─── DATA TO USE ───
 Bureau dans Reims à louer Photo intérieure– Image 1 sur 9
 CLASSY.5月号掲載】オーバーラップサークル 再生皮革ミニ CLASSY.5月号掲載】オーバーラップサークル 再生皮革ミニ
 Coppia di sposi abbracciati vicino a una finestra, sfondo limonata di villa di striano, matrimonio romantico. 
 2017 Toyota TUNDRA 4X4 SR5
───
─── DATA TO USE ───
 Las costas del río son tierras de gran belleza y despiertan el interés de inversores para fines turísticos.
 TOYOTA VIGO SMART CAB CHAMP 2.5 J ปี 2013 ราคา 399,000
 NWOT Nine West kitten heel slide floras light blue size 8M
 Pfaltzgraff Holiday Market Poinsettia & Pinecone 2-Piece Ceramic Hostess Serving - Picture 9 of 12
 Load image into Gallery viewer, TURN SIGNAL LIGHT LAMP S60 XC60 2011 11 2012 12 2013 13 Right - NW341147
───
> GOAL OF THE EXERCISE
Print only what lies in the material above starting at the line with "Las costas del" and ending at the line with "NWOT Nine West", every line exactly as given.

> ANSWER
 Las costas del río son tierras de gran belleza y despiertan el interés de inversores para fines turísticos.
 TOYOTA VIGO SMART CAB CHAMP 2.5 J ปี 2013 ราคา 399,000
 NWOT Nine West kitten heel slide floras light blue size 8M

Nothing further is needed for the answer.